Experts say that this was a response to Lithuania's opening two radio frequencies for broadcasting to Belarus and to its massive campaign for supporting the Byelorussian opposition and the negation of Lukashenko by Lithuanian media. The latter reacted to this "counter-attack" by a number of articles.

Lietuvos Zinios issues an article "Lithuania As Seen by the Byelorussians - Exhausted Country." After his visit to Belarus the director of the Siauliai administration Genadius Miksis says: "I can't say that the facts are not true, but the film looks at Lithuania with biased eyes, from the bad side. The authors of the film fully ignore everything we have created in the past 15 years, everything we have achieved, and give only the negative. In their eyes, Lithuania is an emigration-ridden country of wild capitalism."

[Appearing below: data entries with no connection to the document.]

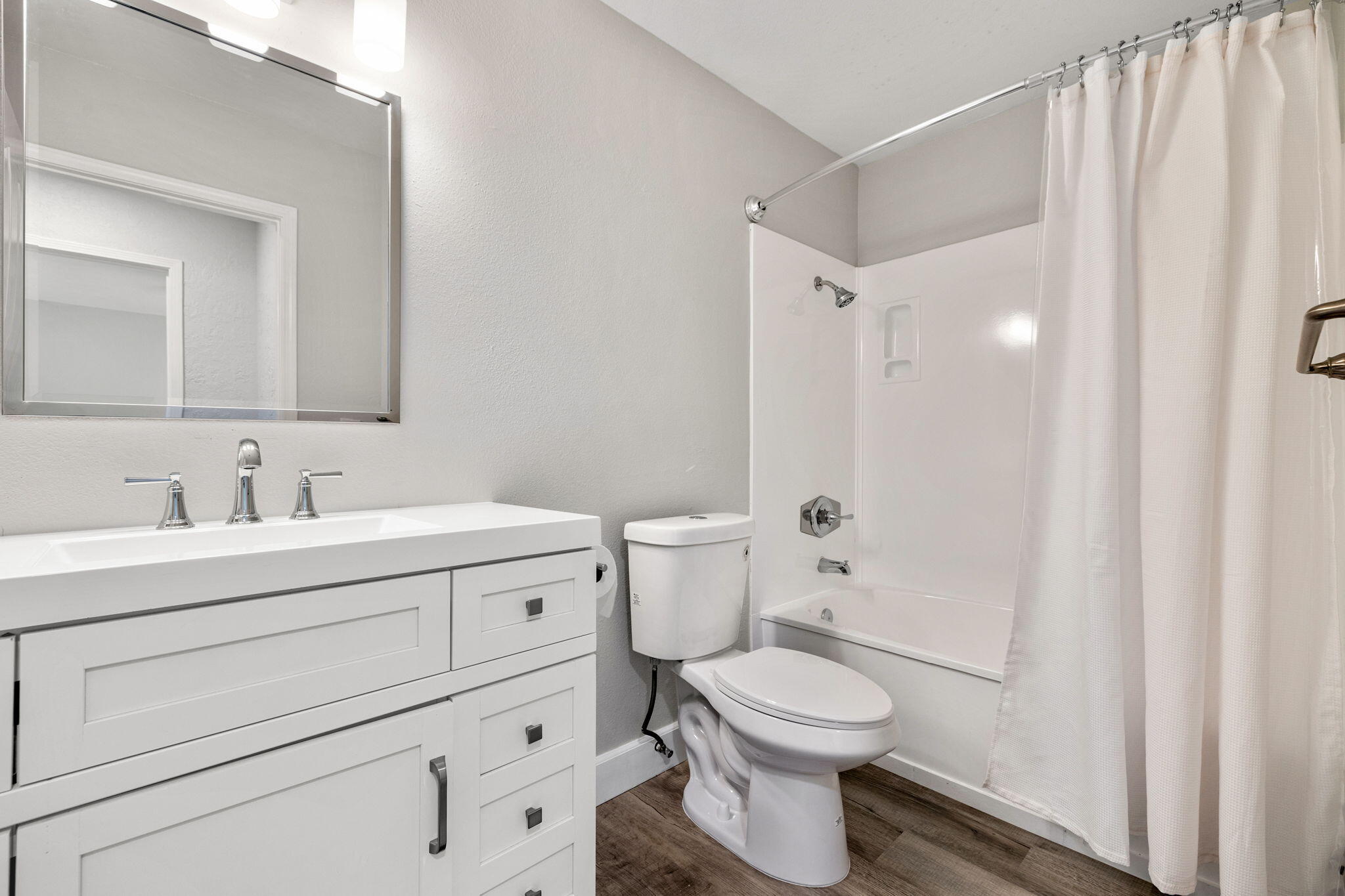 39495 Regency Way Palm Desert, CA 92211 - Photo 18 of 55 a bathroom with a sink a toilet and shower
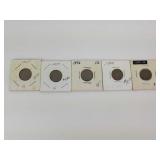 4 Indian Head Cents 4 Indian Head Cents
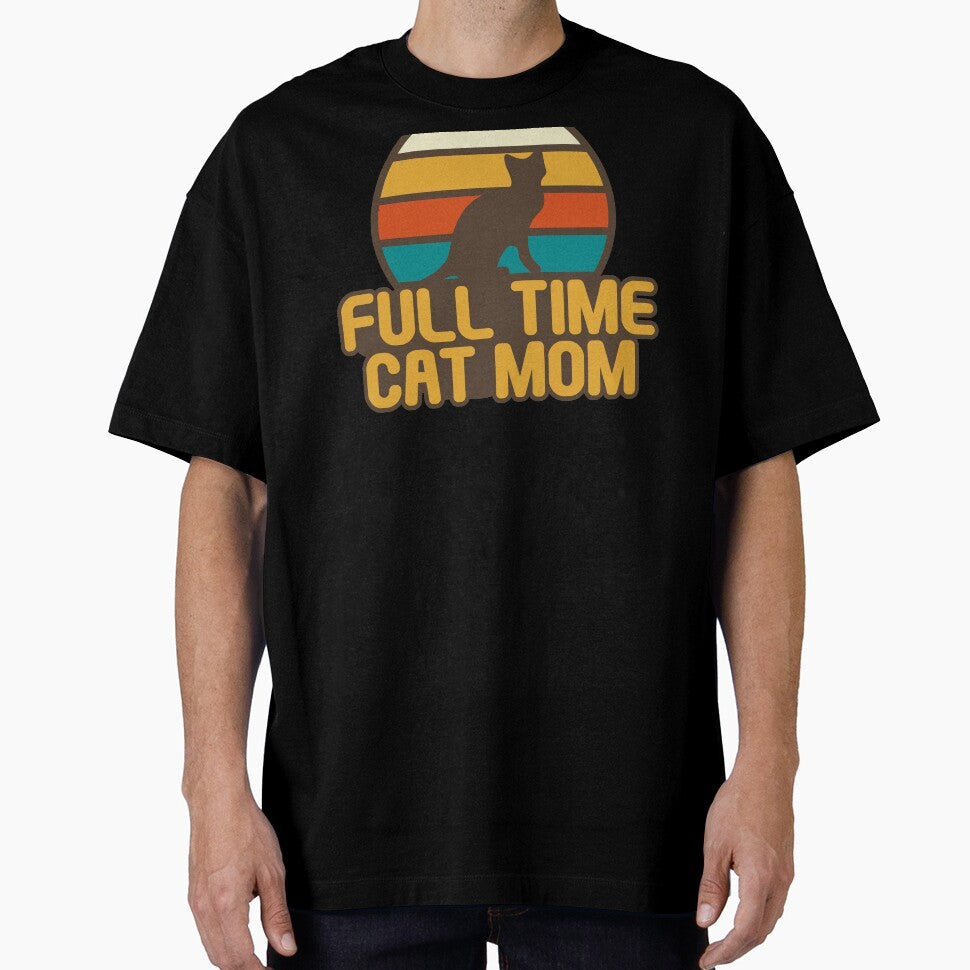 Full time cat mom by Statim
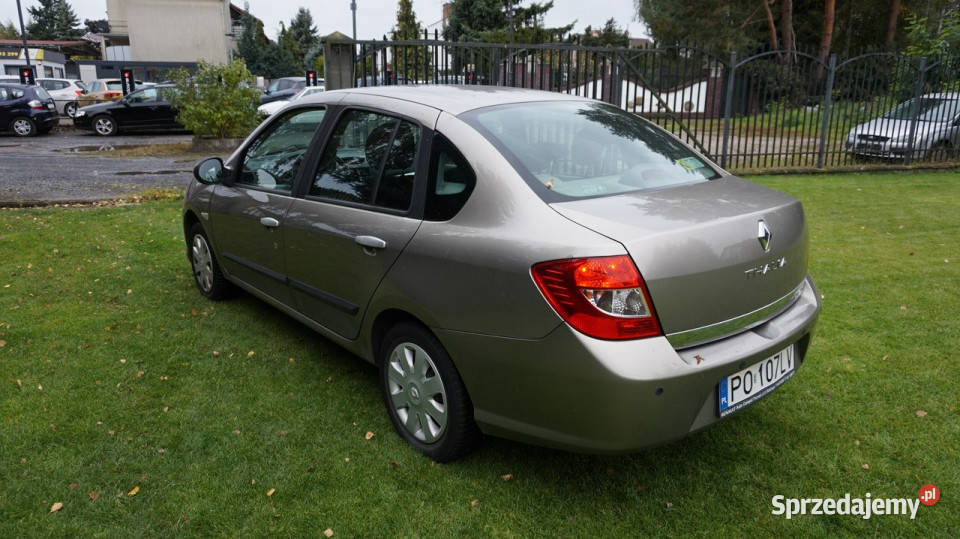 Renault Thalia Polski salon Gwarancja II 2008 Thalia Zielona Góra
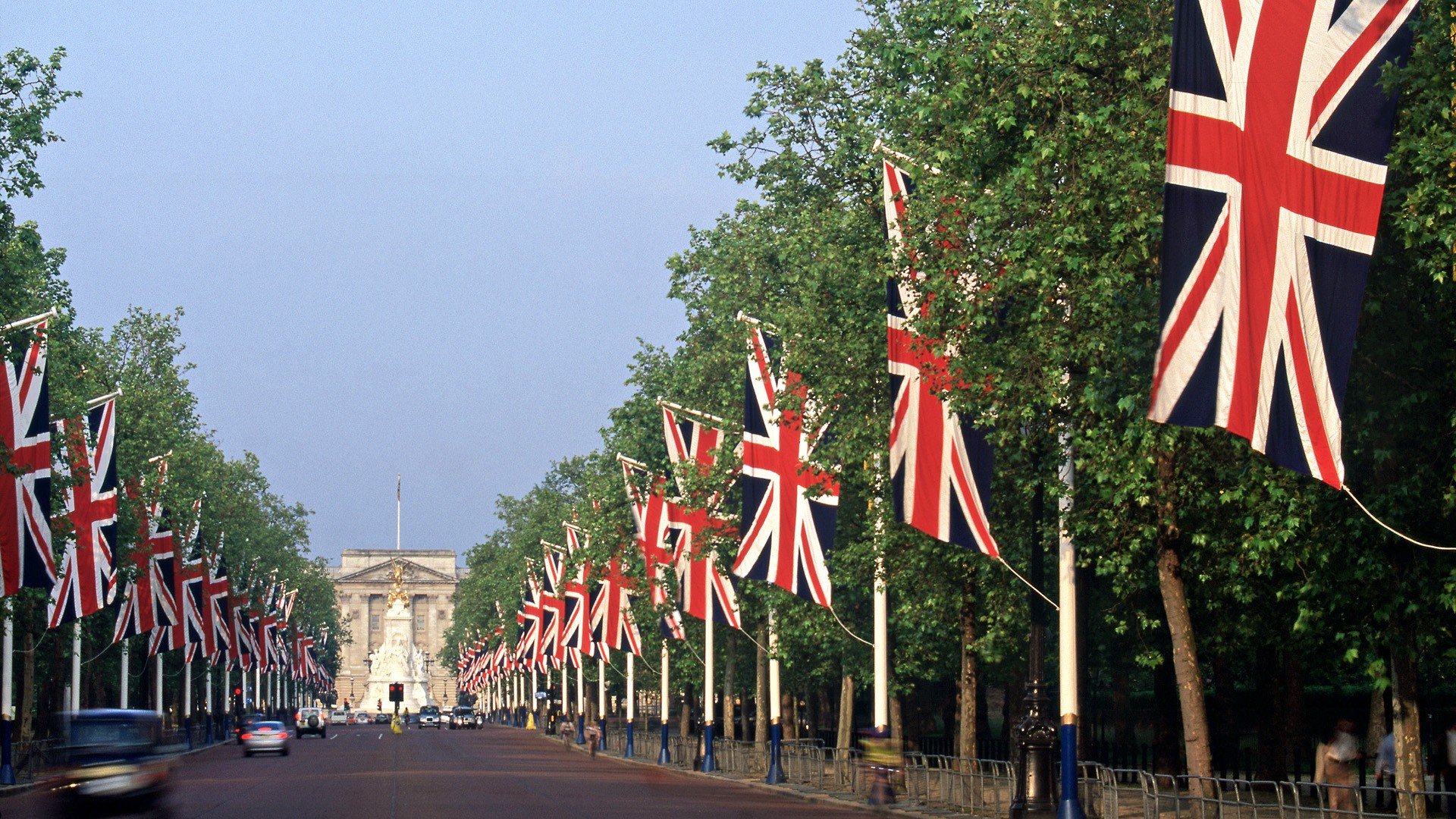 england, London, Flags Wallpaper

Last week political expert Lauras Belinis appeared on LRT web-site with an article "Propaganda Image of Belarus Stimulates Nostalgia for the Past." He says: "What is going on in Belarus directly concerns our lives - for most eastern Lithuanians can watch Byelorussian TV programs and have relatives in that country. For most of them, especially for old people, who have lived their whole lives in the inert kolkhoz system, democracy with its personal initiative and responsibility is incomprehensible and frightening. And so, the nostalgia for inertia and custody in Belarus may look quite attractive to them." Belinis continues that all this is propaganda: what they show is staged and different from what there is in reality, while the good life statistics are just a PR invention.

XX Amziaus gives one more characteristic "exposure" of Belarus: "Why Is It Dangerous to Live Near Fear-Governed Society." The author Thomas Misiunis exposes the methods of the "propaganda" Belarus TV, noting that it can be seen on every cable TV in Lithuania. Like Belinis, he says that the Byelorussian propaganda is dangerous for Lithuania, but unlike him, he calls for action by the Lithuanian authorities - though not saying what action: the natural answer is to prohibit the Lithuanians from watching such propaganda.

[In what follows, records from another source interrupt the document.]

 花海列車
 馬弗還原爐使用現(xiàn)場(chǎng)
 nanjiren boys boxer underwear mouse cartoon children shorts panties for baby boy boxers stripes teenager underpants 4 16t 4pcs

Then what about the democratic right of any citizen of a democratic state to have access to any information? Misiunis also drops the question - if it is natural in democratic states to ask police and authorities for help, to call for force and "ban" and to get hysterical about "national security" and "propaganda war."

One cannot even imagine such calls and such mentality in truly democratic states, in the selfsame EU and NATO. Misiunis does not notice that his own thoughts and words are totalitarian in gist: "Isn't this propaganda and social intimidation in Belarus dangerous for its neighbors? Isn't it dangerous for Lithuania's national security and vital interest to have a common wall with a society who is overwhelmed by fear, who does not know what civil initiative is, who is taught to obey even if the order is illegal and to never question the decisions by a government ruled by unpredictable almighty president."

It seems the answer will not be that easy. Won't it be the same mystified "psychological information security" our authorities should be worried about if they watch BT at least once a week." Some observers say that the very notion "psychological information security" is the legacy of the totalitarian past when "hostile voices" were jammed. How else can "the worried authorities" secure themselves from Belarus if not by banning "the hostile propaganda?" But then Lithuania will have little difference from its criticized Belarus. Some analysts say that such calls for some comfortable "information security" by the authorities are not admissible for a democratic EU and NATO member country - for this means that the authorities distrust their people and fail to understand that government is the people's servant rather than boss, like was the case in the totalitarian times. Free speech and accessible information are the basis of any democracy.

Meanwhile Lithuania media report that the Seym delegation that was to go to Belarus to observe the elections may not get there. MP Rasa Jukniavicene says that the Byelorussian Embassy has not given the MPs visa to date.